*** Data records Section Begins ***

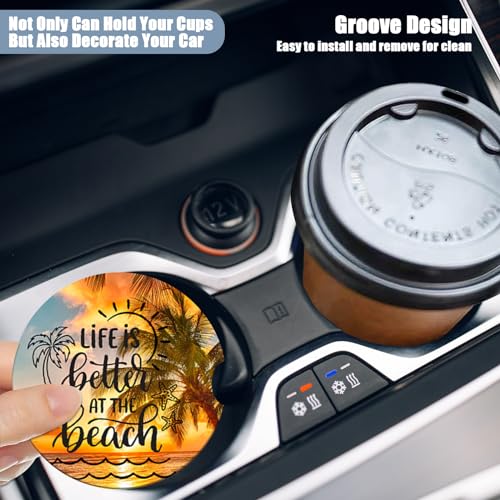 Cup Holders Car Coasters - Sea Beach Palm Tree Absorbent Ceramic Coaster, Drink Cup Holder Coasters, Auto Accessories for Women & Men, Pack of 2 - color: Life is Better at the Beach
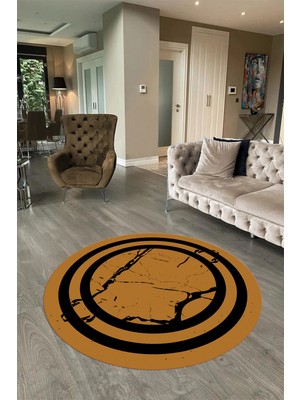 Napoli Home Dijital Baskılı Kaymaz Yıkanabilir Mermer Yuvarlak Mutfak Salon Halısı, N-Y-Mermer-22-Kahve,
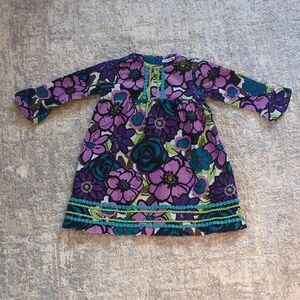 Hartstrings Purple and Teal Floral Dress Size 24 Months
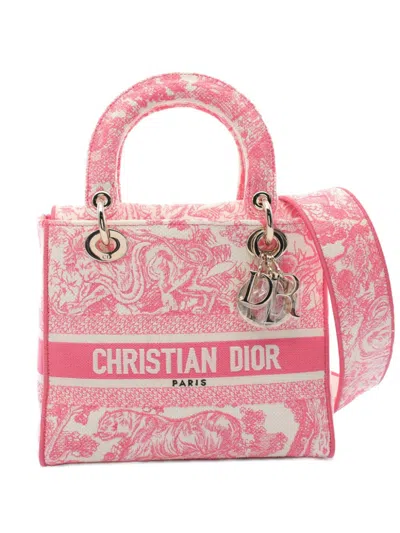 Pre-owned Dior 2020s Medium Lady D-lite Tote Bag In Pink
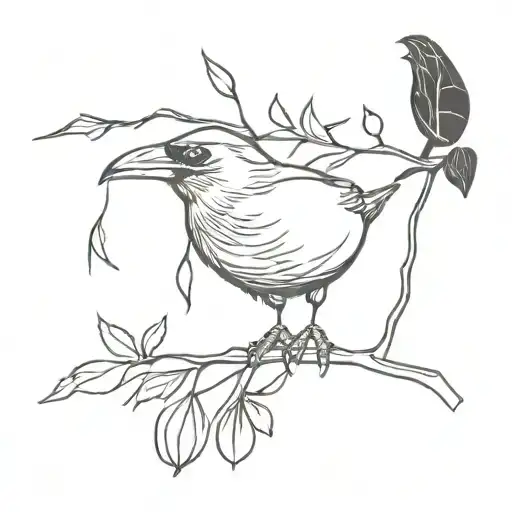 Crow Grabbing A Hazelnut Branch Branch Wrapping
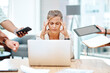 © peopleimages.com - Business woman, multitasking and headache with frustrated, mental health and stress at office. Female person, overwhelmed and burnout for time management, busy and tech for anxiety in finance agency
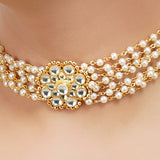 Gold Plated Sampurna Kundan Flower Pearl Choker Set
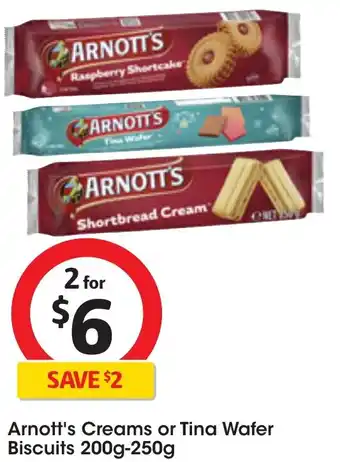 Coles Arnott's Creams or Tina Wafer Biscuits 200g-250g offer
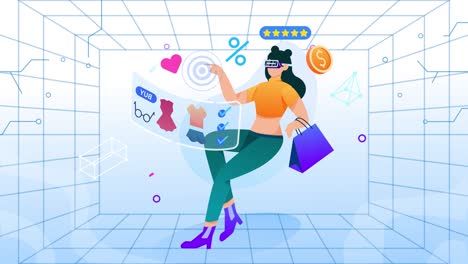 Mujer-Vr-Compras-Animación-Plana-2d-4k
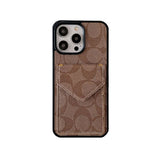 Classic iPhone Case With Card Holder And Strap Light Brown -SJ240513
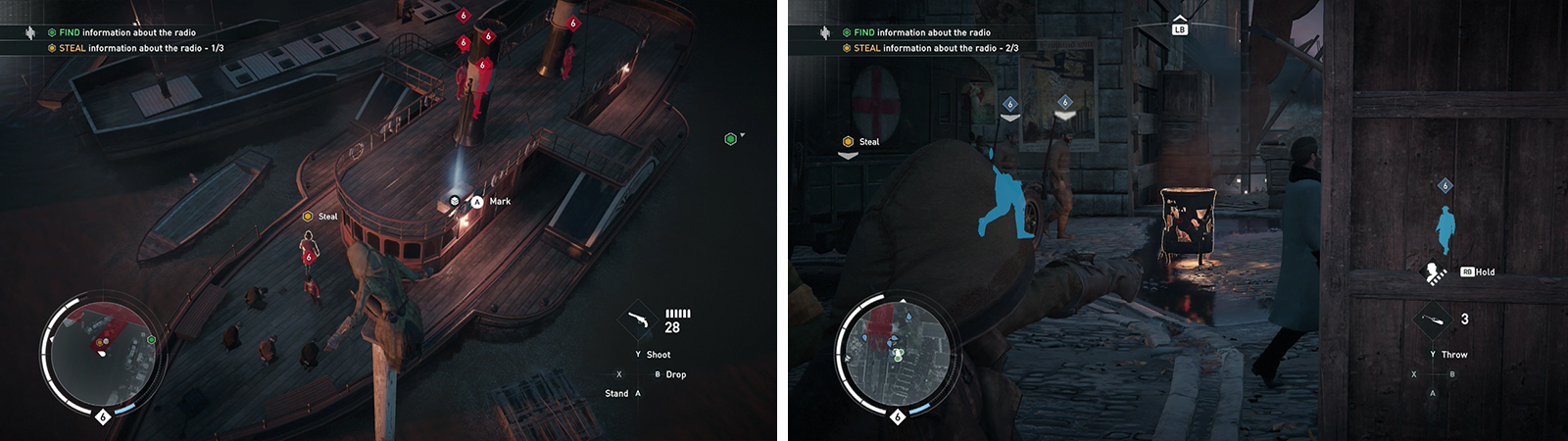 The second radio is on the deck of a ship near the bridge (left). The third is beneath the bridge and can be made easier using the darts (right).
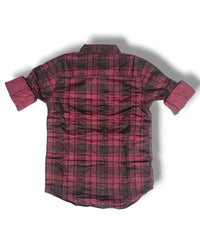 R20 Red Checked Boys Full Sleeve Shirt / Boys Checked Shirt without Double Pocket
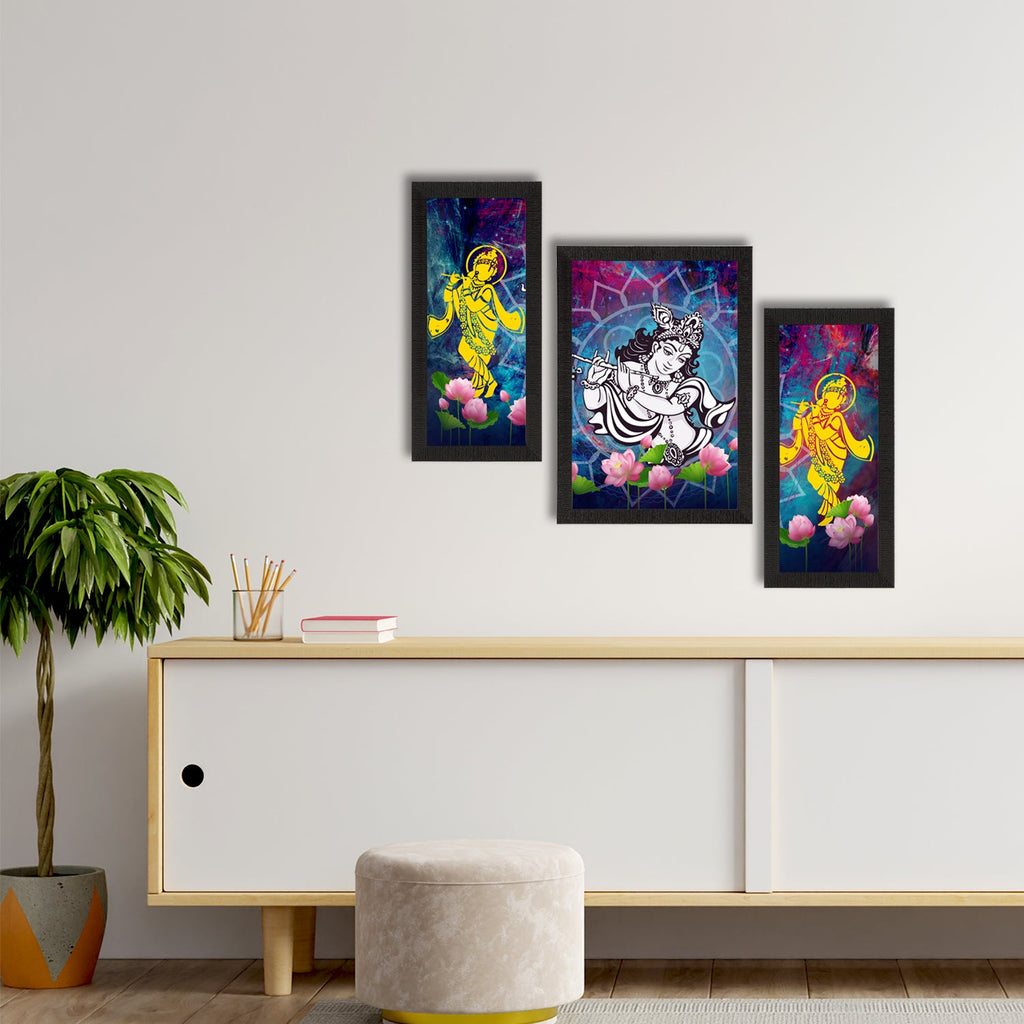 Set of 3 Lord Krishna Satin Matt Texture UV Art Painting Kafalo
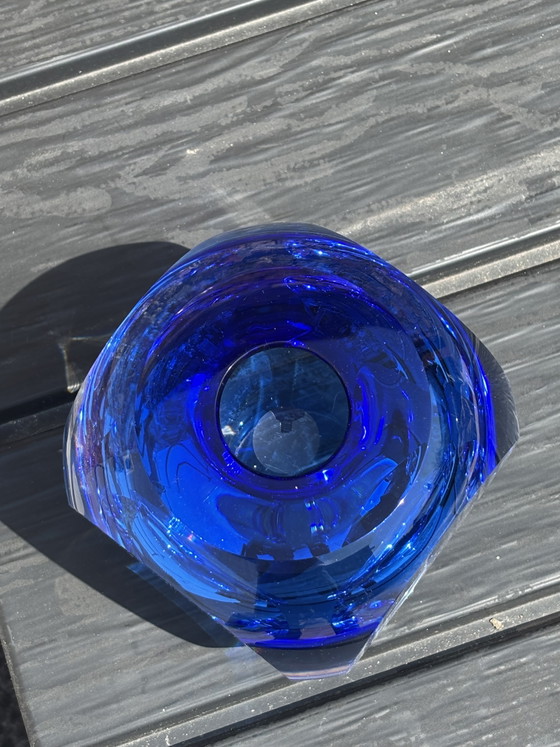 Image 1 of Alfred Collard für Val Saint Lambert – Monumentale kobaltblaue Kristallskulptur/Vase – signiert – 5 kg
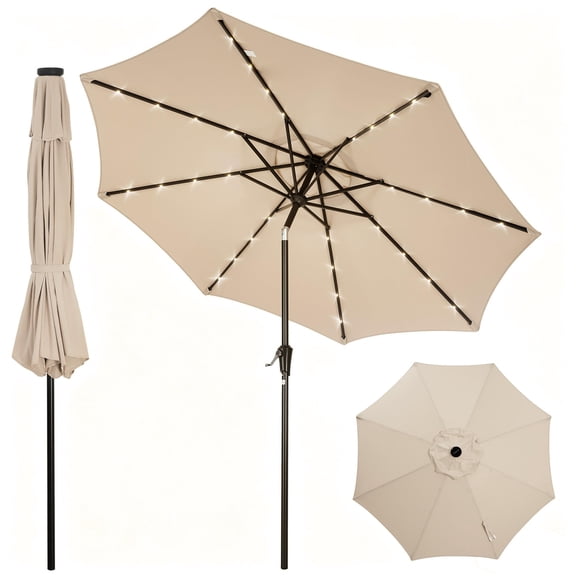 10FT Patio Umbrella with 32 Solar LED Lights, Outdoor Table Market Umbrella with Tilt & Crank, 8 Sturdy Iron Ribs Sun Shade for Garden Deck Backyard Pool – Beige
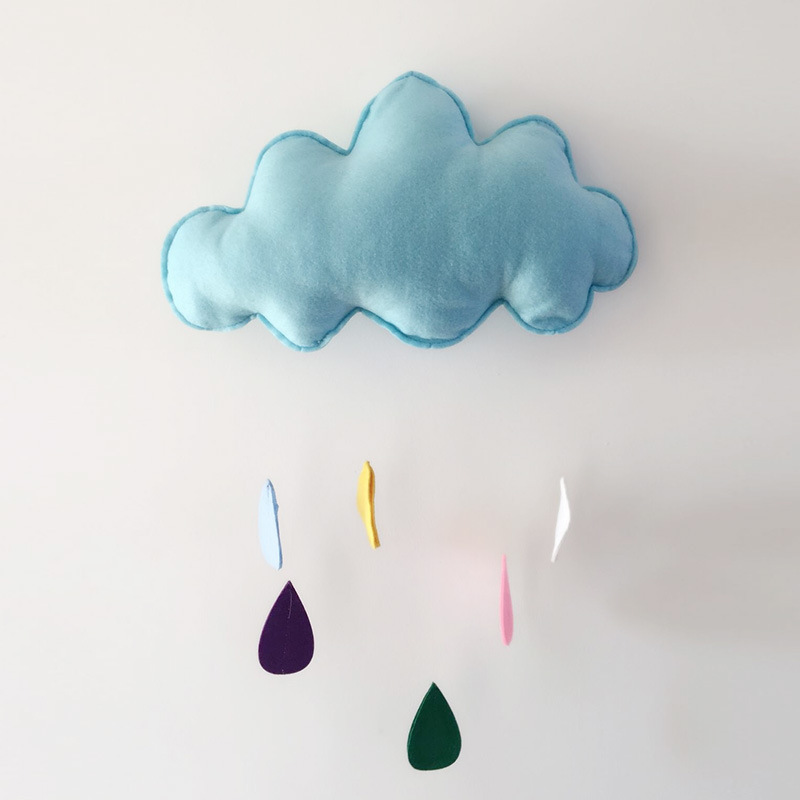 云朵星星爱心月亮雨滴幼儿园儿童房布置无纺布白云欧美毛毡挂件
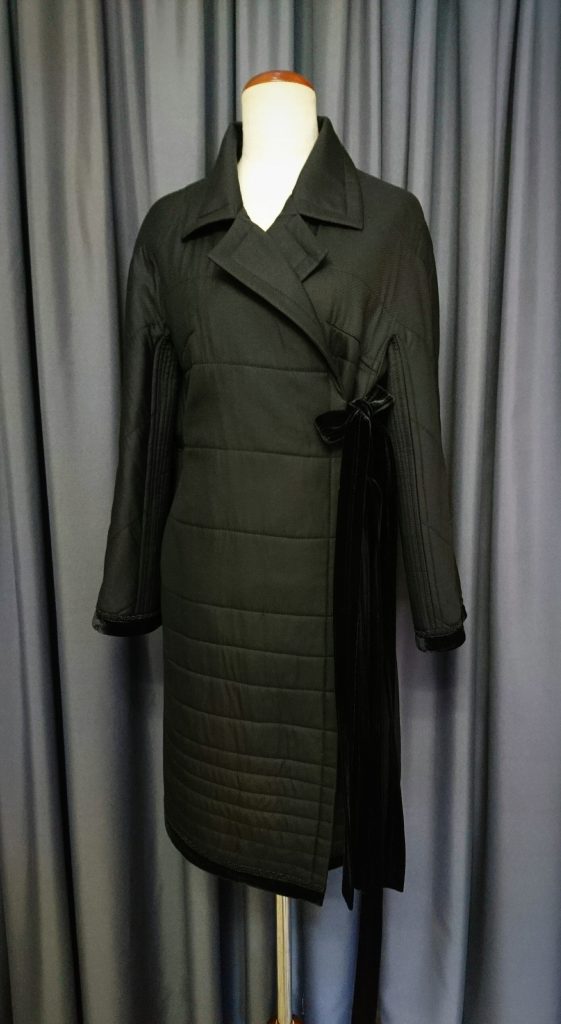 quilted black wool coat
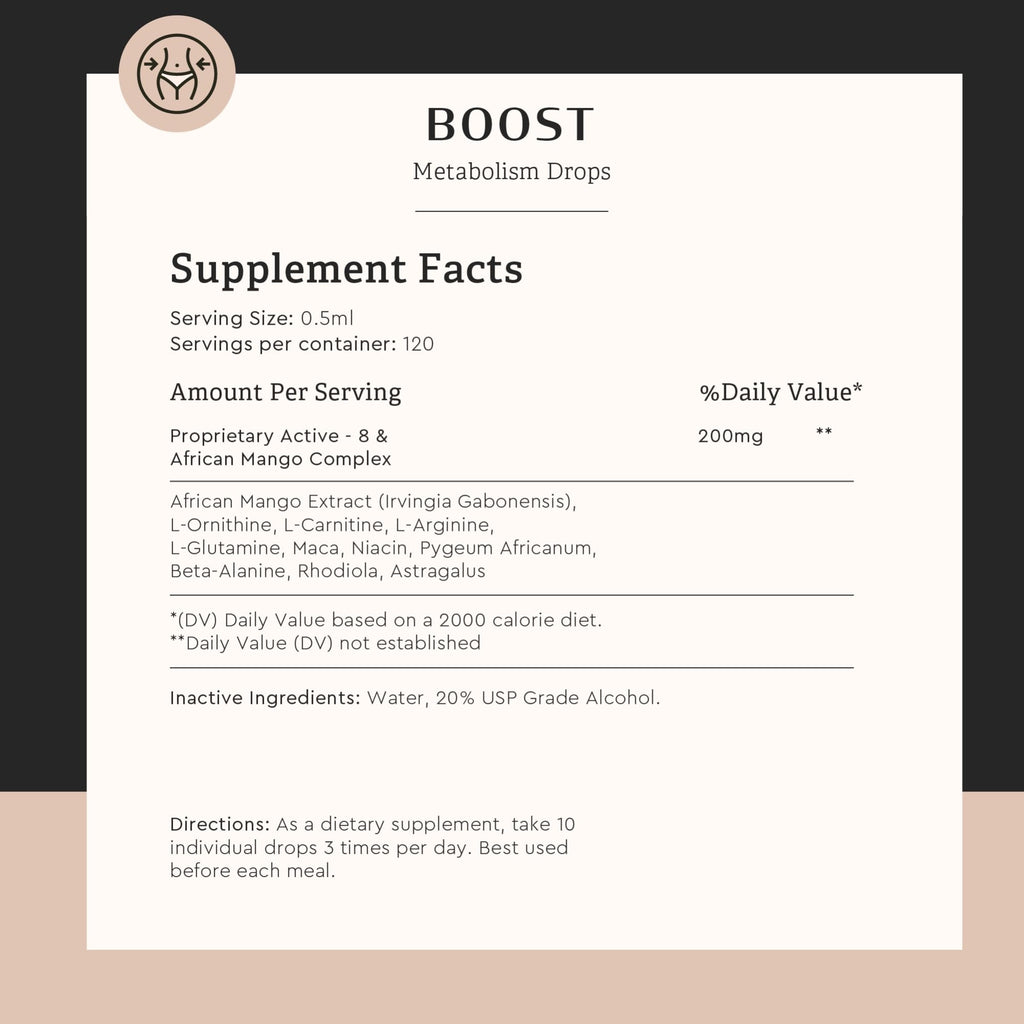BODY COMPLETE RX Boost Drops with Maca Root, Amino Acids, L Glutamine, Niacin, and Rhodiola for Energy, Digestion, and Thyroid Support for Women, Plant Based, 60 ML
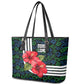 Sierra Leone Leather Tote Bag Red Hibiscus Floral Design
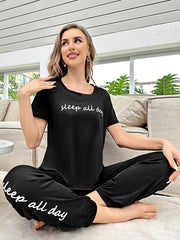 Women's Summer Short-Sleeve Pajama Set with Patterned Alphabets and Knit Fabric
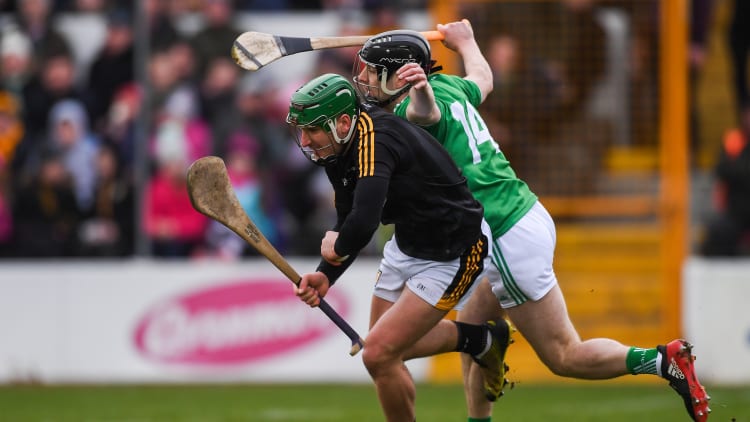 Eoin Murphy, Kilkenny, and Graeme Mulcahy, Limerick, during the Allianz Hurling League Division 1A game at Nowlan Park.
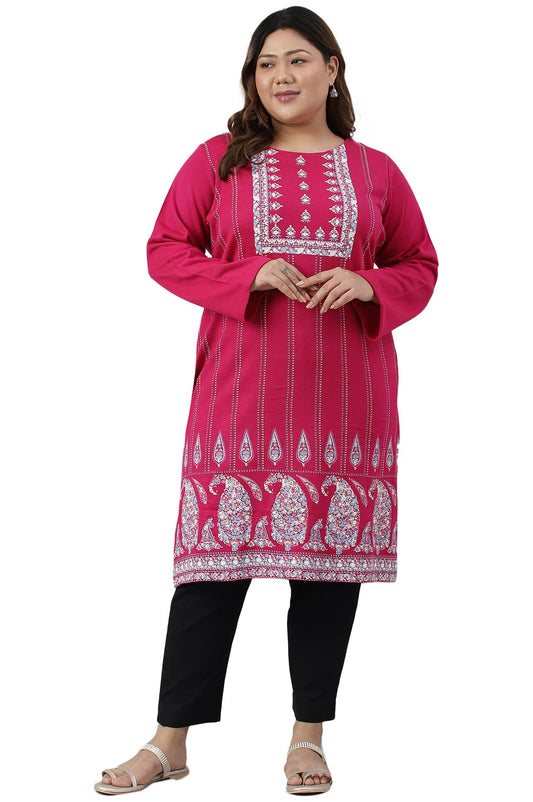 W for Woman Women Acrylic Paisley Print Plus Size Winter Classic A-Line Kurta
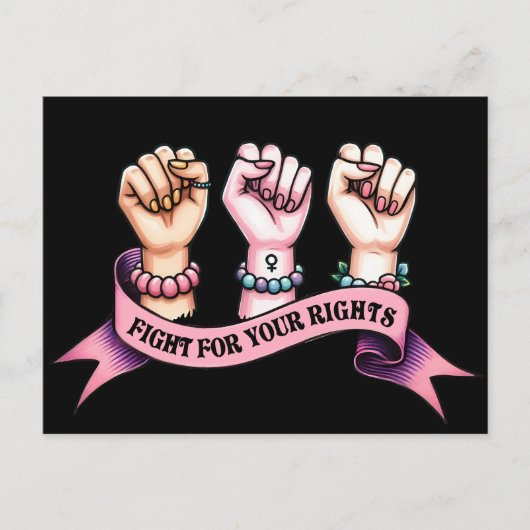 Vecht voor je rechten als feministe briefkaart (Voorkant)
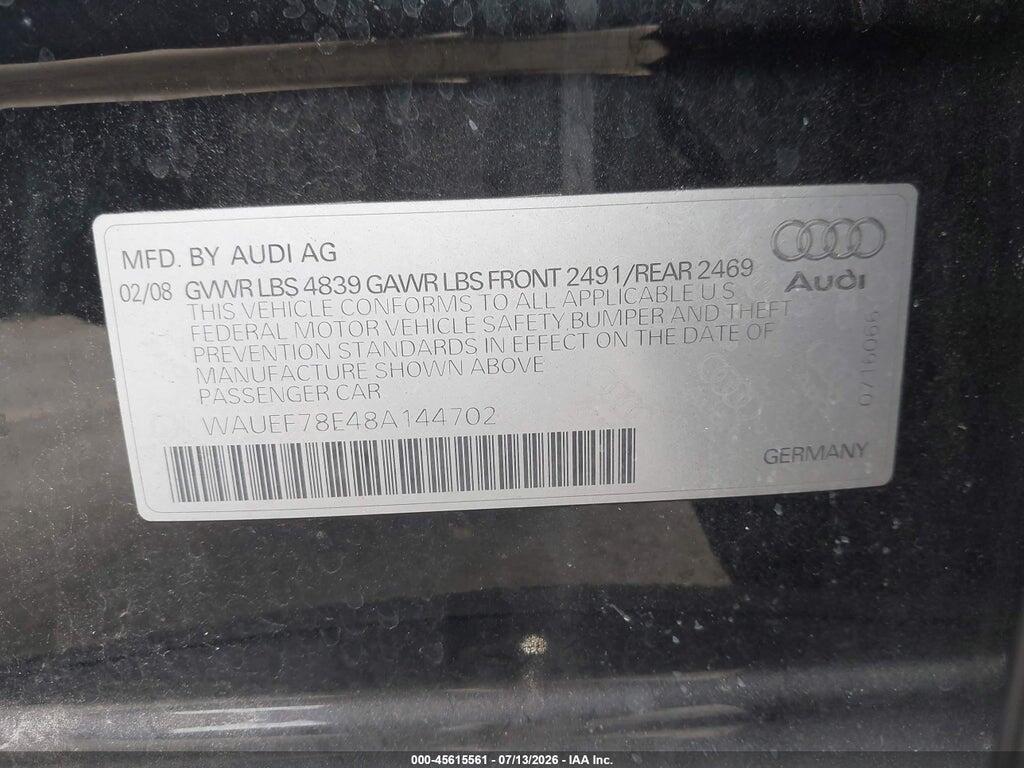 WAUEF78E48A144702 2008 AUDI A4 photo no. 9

*** Data records Section Ends ***

**Exercise directions**
Print every line above exactly. Leave the pictures out.

**Answer for the task**
 Cup Holders Car Coasters - Sea Beach Palm Tree Absorbent Ceramic Coaster, Drink Cup Holder Coasters, Auto Accessories for Women & Men, Pack of 2 - color: Life is Better at the Beach
 Napoli Home Dijital Baskılı Kaymaz Yıkanabilir Mermer Yuvarlak Mutfak Salon Halısı, N-Y-Mermer-22-Kahve,
 Hartstrings Purple and Teal Floral Dress Size 24 Months
 Pre-owned Dior 2020s Medium Lady D-lite Tote Bag In Pink
 Crow Grabbing A Hazelnut Branch Branch Wrapping
 © peopleimages.com - Business woman, multitasking and headache with frustrated, mental health and stress at office. Female person, overwhelmed and burnout for time management, busy and tech for anxiety in finance agency
 Gold Plated Sampurna Kundan Flower Pearl Choker Set
 Coles Arnott's Creams or Tina Wafer Biscuits 200g-250g offer
 Mujer-Vr-Compras-Animación-Plana-2d-4k
 Classic iPhone Case With Card Holder And Strap Light Brown -SJ240513
 The second radio is on the deck of a ship near the bridge (left). The third is beneath the bridge and can be made easier using the darts (right).
 R20 Red Checked Boys Full Sleeve Shirt / Boys Checked Shirt without Double Pocket
 Set of 3 Lord Krishna Satin Matt Texture UV Art Painting Kafalo
 Image 1 of Alfred Collard für Val Saint Lambert – Monumentale kobaltblaue Kristallskulptur/Vase – signiert – 5 kg
 10FT Patio Umbrella with 32 Solar LED Lights, Outdoor Table Market Umbrella with Tilt & Crank, 8 Sturdy Iron Ribs Sun Shade for Garden Deck Backyard Pool – Beige
 云朵星星爱心月亮雨滴幼儿园儿童房布置无纺布白云欧美毛毡挂件
 quilted black wool coat
BODY COMPLETE RX Boost Drops with Maca Root, Amino Acids, L Glutamine, Niacin, and Rhodiola for Energy, Digestion, and Thyroid Support for Women, Plant Based, 60 ML
 Sierra Leone Leather Tote Bag Red Hibiscus Floral Design
 Women's Summer Short-Sleeve Pajama Set with Patterned Alphabets and Knit Fabric
 Eoin Murphy, Kilkenny, and Graeme Mulcahy, Limerick, during the Allianz Hurling League Division 1A game at Nowlan Park.
 W for Woman Women Acrylic Paisley Print Plus Size Winter Classic A-Line Kurta
 Vecht voor je rechten als feministe briefkaart (Voorkant)
 WAUEF78E48A144702 2008 AUDI A4 photo no. 9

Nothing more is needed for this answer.